05 June 2010

Good Dog!

After nearly a month without his people-mama to remind him of his manners our Stevens' Mountain Cur has developed a few bad habits. Not horrible, nasty, habits but ones that need reversing nonetheless. He's also matured a little more. This seems to happen in spurts.

One place this has happened is with the chickens. After a day of watching him I decided that he didn't seem to consider them food... just potentially fun to chase. Last night he herded an escaped dominic into a corner and backed off so I could put the frightened bird back over the fence. I then herded everyone into the coop and closed them up for the night.....

Not realizing that my favorite chicken, Salvadore, wasn't inside. He often hangs out under the bigger chickens so when I saw a little eye and beak poking out I presumed it was him. This morning I opened the door and realized he was missing. Oh the agony! Later, I thought I heard his peculiar call so I had a tiny hope he would reappear. A very tiny hope!

Then about 5:30 this afternoon I heard one heck of a kerfuffle at the coop and went running to see what was the matter. It was Rufus, orange bird in mouth, running around the corner of the workshop. Boy was I angry! The moment he heard me yell the poor creature was dropped but he was determined it would NOT leave the spot. Lying on the ground, in a state of great panic, was little Salvadore! His wing feathers were a little mussed up but- despite his wild ride in Rufus' mouth -there wasn't a scratch on him!

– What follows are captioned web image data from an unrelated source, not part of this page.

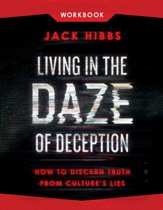 Living in the Daze of Deception Workbook: How to Discern Truth from Culture's Lies - eBook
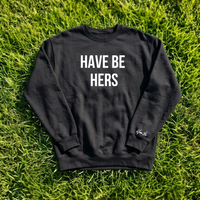 Have Be Hers Crewneck Sweatshirt 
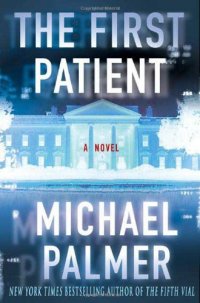 cover of the book The First Patient  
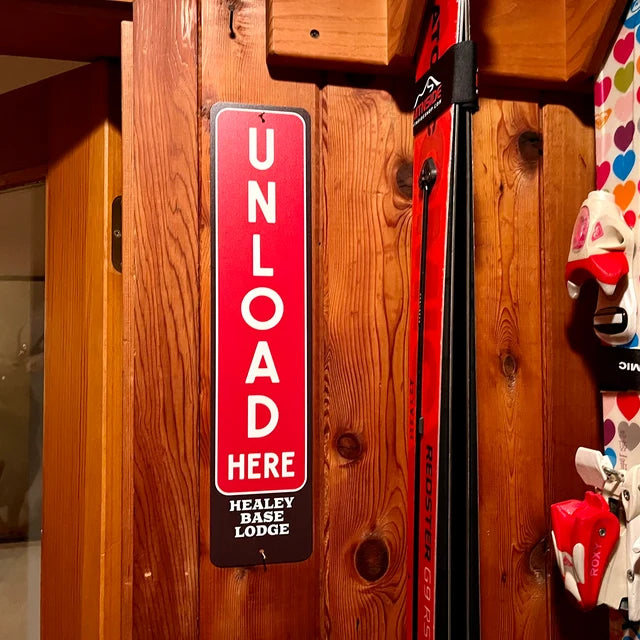 Unload Here Vertical Lodge Sign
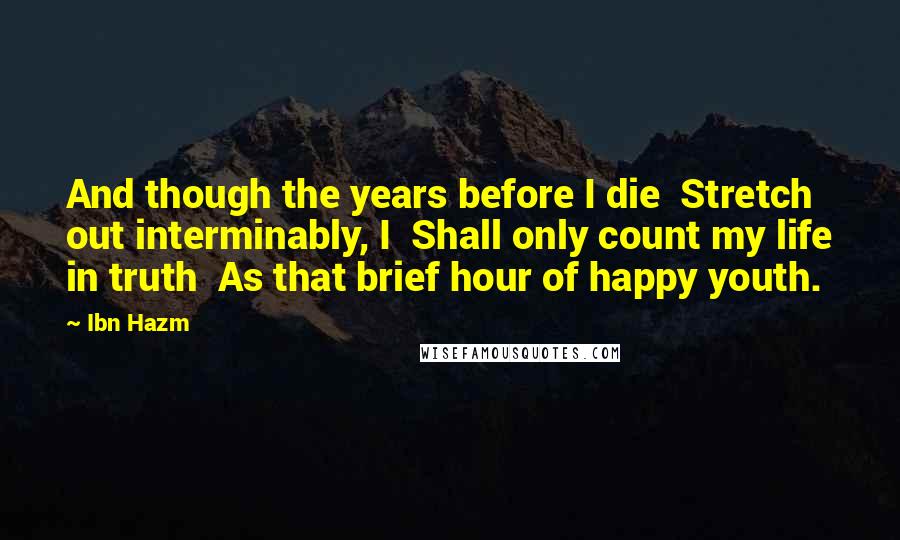 Ibn Hazm Quotes: And though the years before I die  Stretch out interminably, I  Shall only count my life in truth  As that brief hour of happy youth.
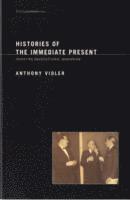 Histories of the Immediate Present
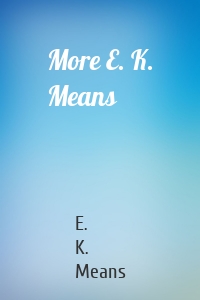 More E. K. Means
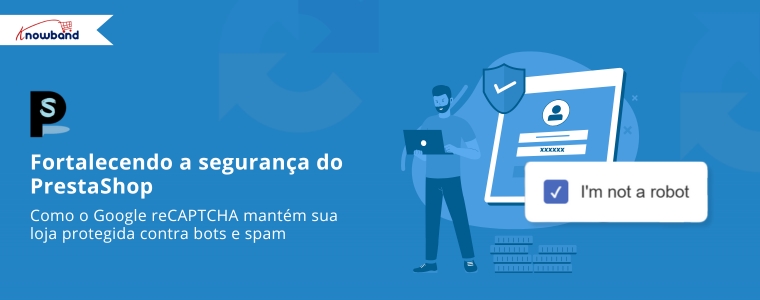 Ilustração mostrando como o Google reCAPTCHA protege uma loja PrestaShop contra bots e spam, verificando usuários reais e bloqueando tráfego suspeito.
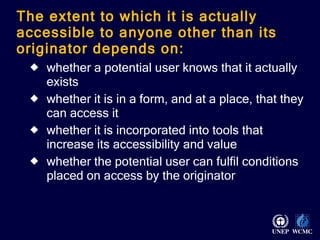 The extent to which it is actually accessible to anyone other than its originator depends on:  whether a potential user knows that it actually exists  whether it is in a form, and at a place, that they can access it whether it is incorporated into tools that increase its accessibility and value whether the potential user can fulfil conditions placed on access by the originator 
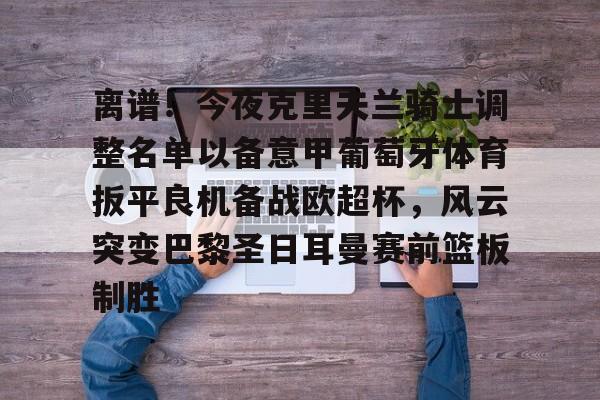 九游娱乐-离谱！今夜克里夫兰骑士调整名单以备意甲葡萄牙体育扳平良机备战欧超杯，风云突变巴黎圣日耳曼赛前篮板制胜的简单介绍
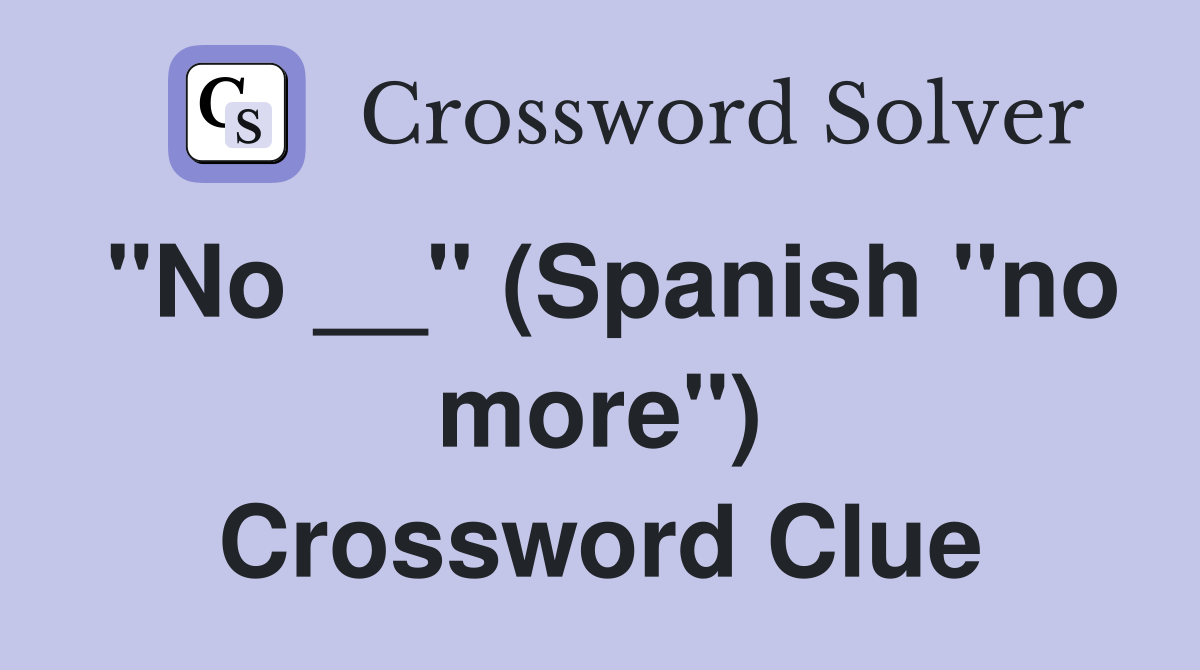 "No __" (Spanish "no more") Crossword Clue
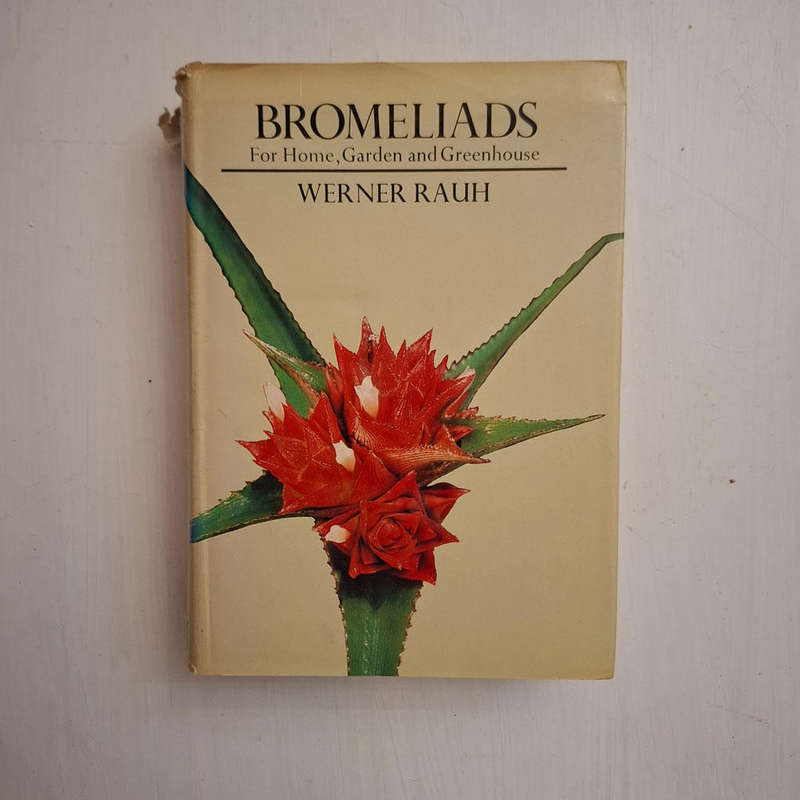Bromeliads For Home, Garden and Greenhouse (Werner Rauh)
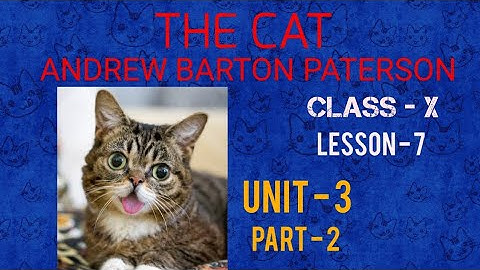 The Cat by Andrew Barton Paterson, Class - X,English, Lesson - 7, Unit - 3(Part- 2), W.B.B.S.E.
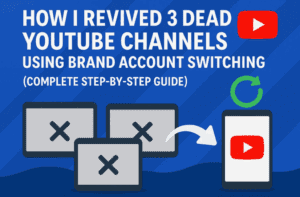 How I Revived 3 Dead YouTube Channels Using Brand Account Switching (Complete Step-by-Step Guide)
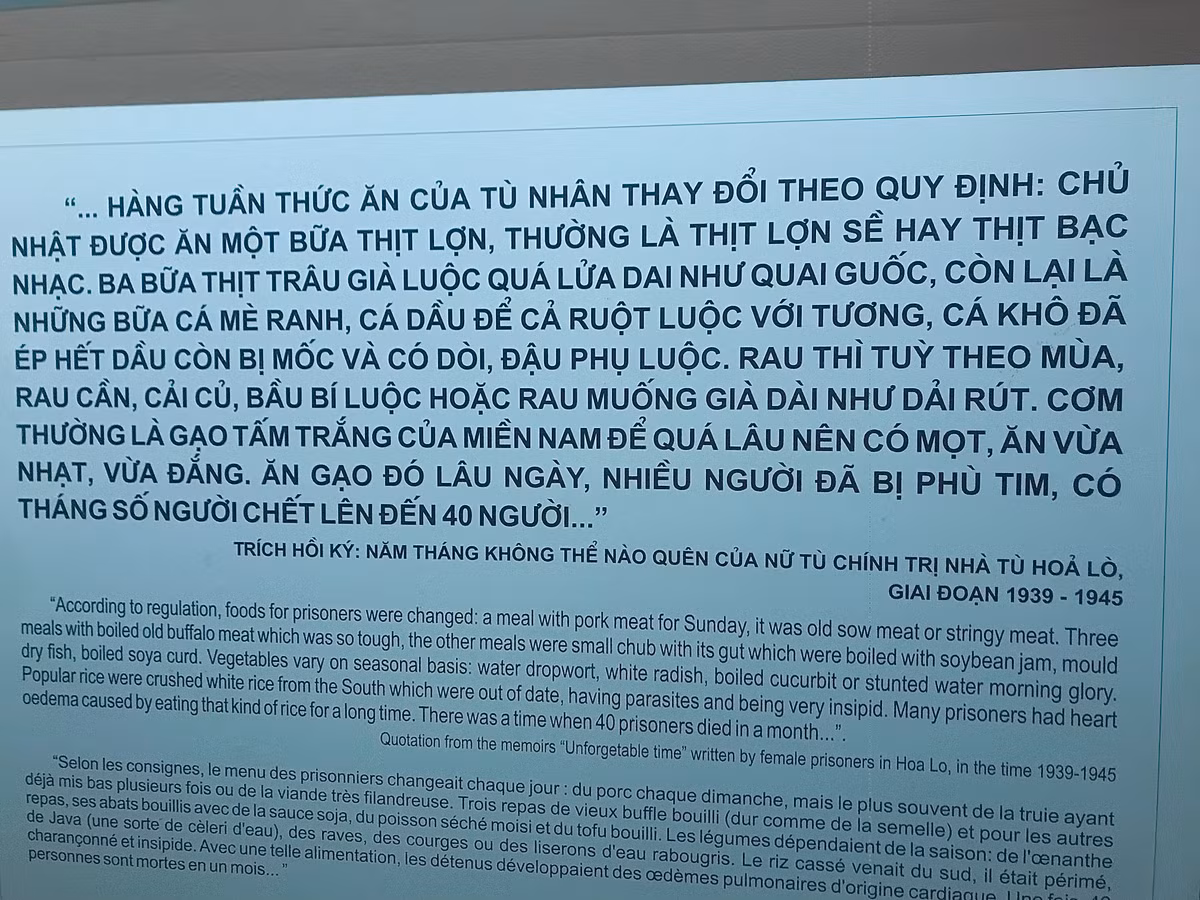 Những tư liệu cho thấy, nơi đây từng được mệnh danh là địa ngục trần gian giữa lòng Hà Nội vì chế độ giam giữ tàn ác, áp chế cùng chế độ ăn uống cho tù nhân vô nhân đạo.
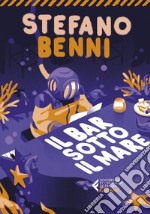 Il bar sotto il mare. Edizione illustrata. E-book. Formato EPUB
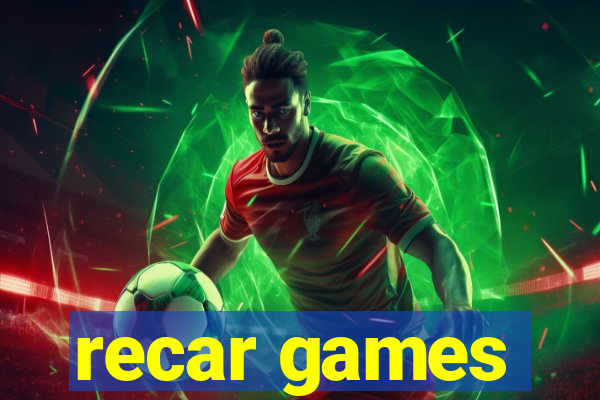 recar games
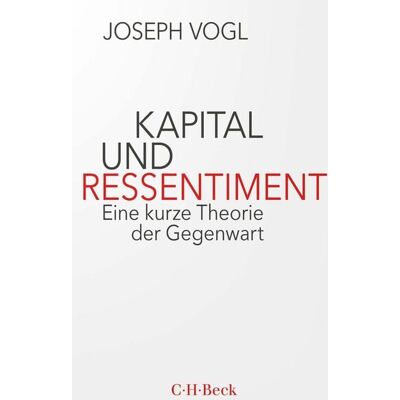 C.H. Beck Kapital und Ressentiment C.H. Beck Kapital und Ressentiment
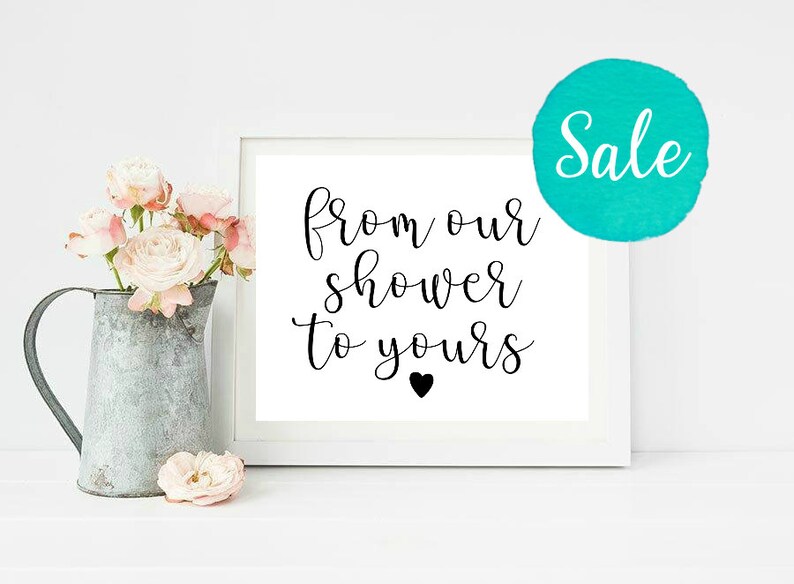 From Our Shower To Yours From Our Shower Bridal Shower Etsy From Our Shower To Yours From Our Shower Bridal Shower Etsy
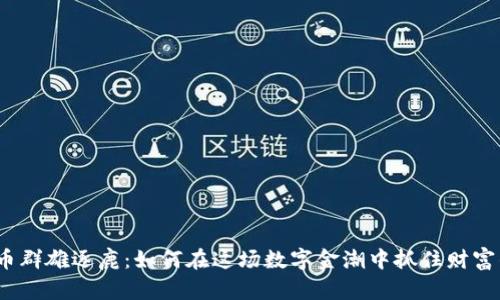 加密货币群雄逐鹿：如何在这场数字金潮中抓住财富的机会？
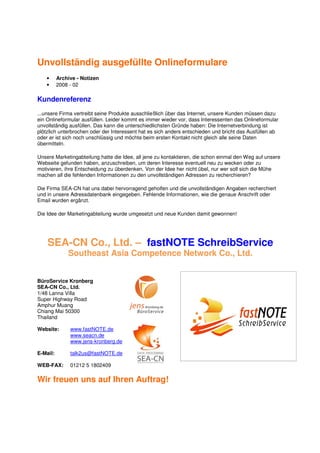 Unvollständig ausgefüllte Onlineformulare
   •      Archive - Notizen
   •      2008 - 02

Kundenreferenz
...unsere Firma vertreibt seine Produkte ausschließlich über das Internet, unsere Kunden müssen dazu
ein Onlineformular ausfüllen. Leider kommt es immer wieder vor, dass Interessenten das Onlineformular
unvollständig ausfüllen. Das kann die unterschiedlichsten Gründe haben: Die Internetverbindung ist
plötzlich unterbrochen oder der Interessent hat es sich anders entschieden und bricht das Ausfüllen ab
oder er ist sich noch unschlüssig und möchte beim ersten Kontakt nicht gleich alle seine Daten
übermitteln.

Unsere Marketingabteilung hatte die Idee, all jene zu kontaktieren, die schon einmal den Weg auf unsere
Webseite gefunden haben, anzuschreiben, um deren Interesse eventuell neu zu wecken oder zu
motivieren, ihre Entscheidung zu überdenken. Von der Idee her nicht übel, nur wer soll sich die Mühe
machen all die fehlenden Informationen zu den unvollständigen Adressen zu recherchieren?

Die Firma SEA-CN hat uns dabei hervorragend geholfen und die unvollständigen Angaben recherchiert
und in unsere Adressdatenbank eingegeben. Fehlende Informationen, wie die genaue Anschrift oder
Email wurden ergänzt.

Die Idee der Marketingabteilung wurde umgesetzt und neue Kunden damit gewonnen!




    SEA-CN Co., Ltd. – fastNOTE SchreibService
              Southeast Asia Competence Network Co., Ltd.


BüroService Kronberg
SEA-CN Co., Ltd.
1/48 Lanna Villa
Super Highway Road
Amphur Muang
Chiang Mai 50300
Thailand

Website:       www.fastNOTE.de
               www.seacn.de
               www.jens-kronberg.de

E-Mail:        talk2us@fastNOTE.de

WEB-FAX:       01212 5 1802409

Wir freuen uns auf Ihren Auftrag!
 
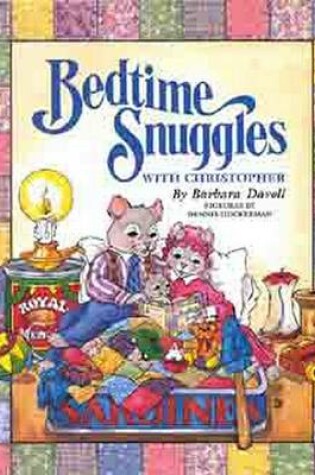 Cover of Bedtime Snuggles with Christopher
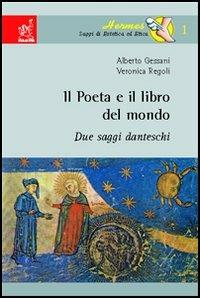 Il poeta e il libro del mondo. Due saggi danteschi - Alberto Gessani,Veronica Regoli - copertina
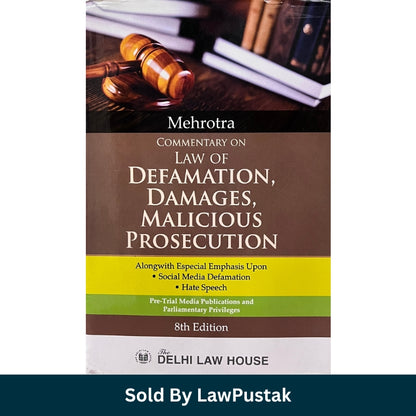 Defamation Law Book 2025 India Mehrotra Damages Malicious Prosecution Delhi Law House Guide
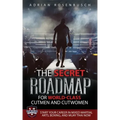 The Secret Roadmap for World-Class Cutmen and Cutwomen: Start Your Career in Mixed Martial Arts, Boxing, And Muay Thai Now!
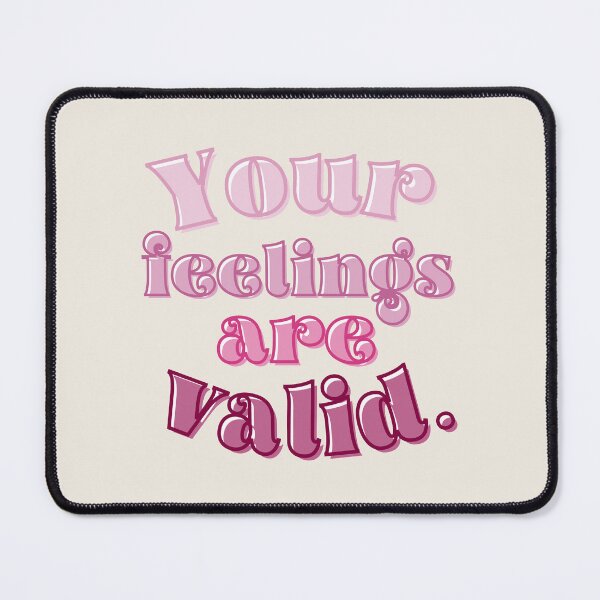 Item preview, Your feelings are valid designed and sold by karolaan.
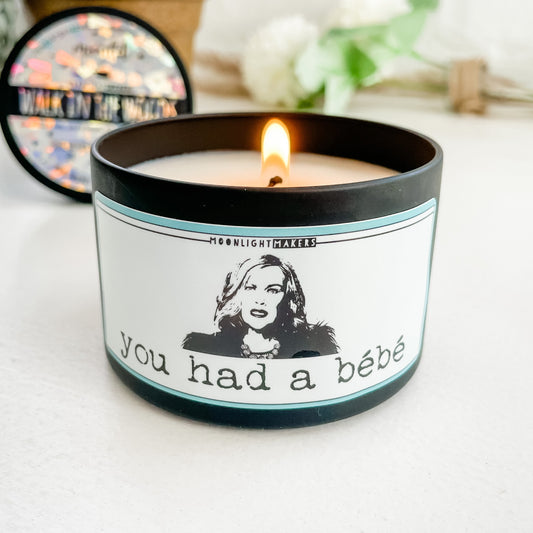 You Had A Bebe - Moira Rose, Schitt's Creek - 8oz Candle - Choose Your Scent - 100% Natural Soy Wax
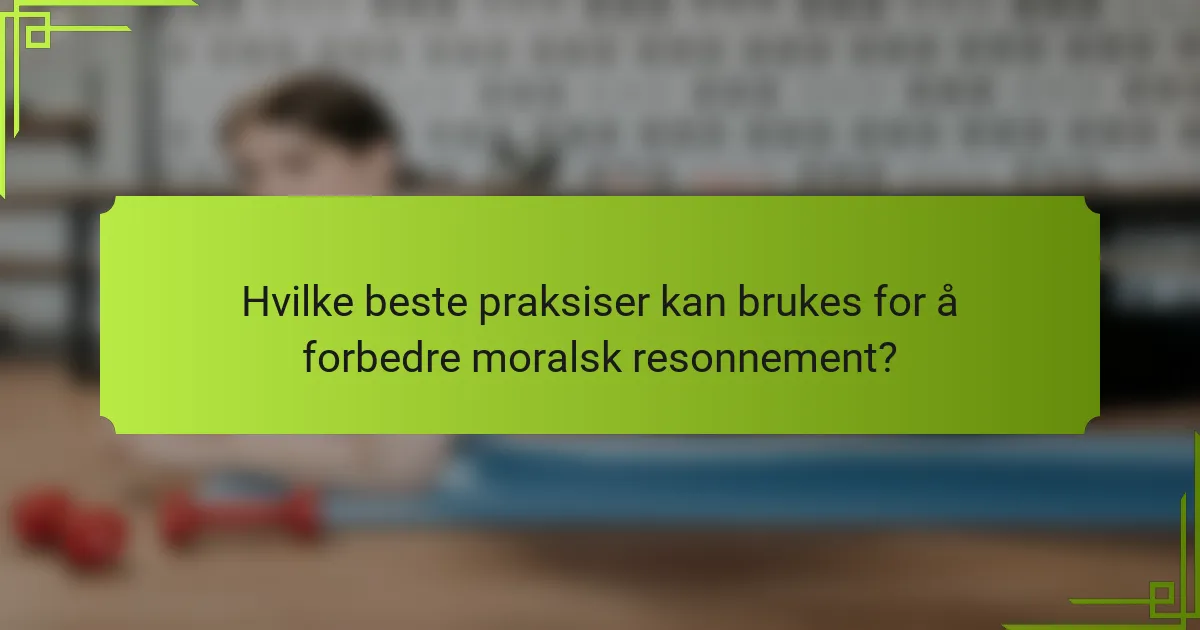 Hvilke beste praksiser kan brukes for å forbedre moralsk resonnement?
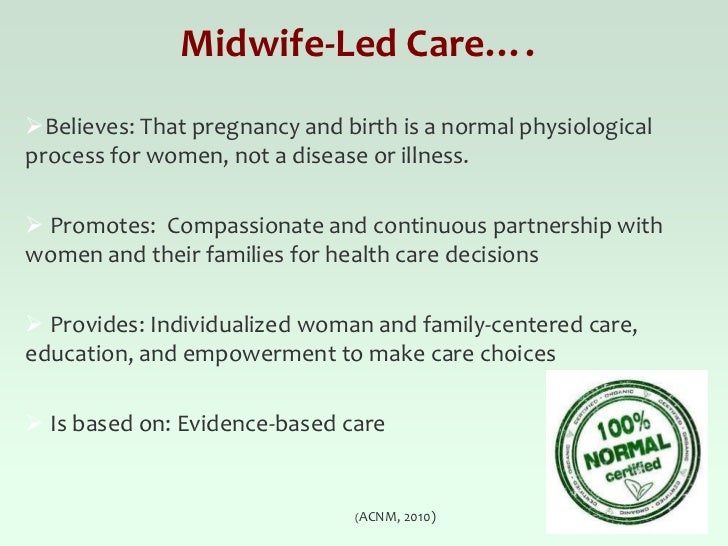 Why Midwifery? Childbirth Choices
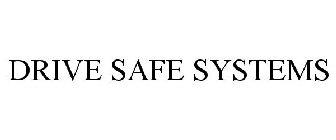DRIVE SAFE SYSTEMS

Sal is back amongst his brethren, enjoying the feeder bucket, and undoubtedly telling stories of "camping out" for a night. I have my favorite little rooster back.

1 comment:

Lausanne said...

I'm so glad that Rufus is becoming a mannerly caretaker to your dear flock! I could have used someone like him on the premises last evening. I am still reeling from the shock of coming home to a literal hen-house massacre. I had to leave at 5:30 to perform at the local coffeehouse and unfortunately with Brian away this weekend, no-one was around to shut the hens in their house at dusk. I guess up until now we have been simply lucky. But last night our luck changed. I came home to a walking nightmare of feathers and dead bodies everywhere in and out of their house and pen. There was no actual carnage-- if by that one means half eaten bodies lying about. No. This was one hellacious frolic, with every neck broken but no parts missing. I am beside myself with sadness and guilt and anger that always points the finger back at me, ultimately.
The cowardly rooster was safely ensconced on his woodshed roost and now forlornly calls to his ladies. I found at least 9 bodies out of 12, In a daze of finding one still-warm body after another I stopped counting. All I know is that Cinderella, our dear senior all white Auracana is one body that I haven't found. I can only hope that she is out there in the deep forest ferns grubbing for worms in the steady rain, and not the prize that was carried off for dinner. The lesson here for me is to either have a watchdog , stay home every evening or just not raise chickens any more. I am so damn churned up! I've loved watching our birds in their free- ranging freedom to roam all over the place, and I hate to think how large an area I would have to enclose to give them some sense of their freedom. I don't know if I could settle on keeping birds in a small pen. It breaks my heart to lose them all. I so hope you don't ever have anything like this to come home to!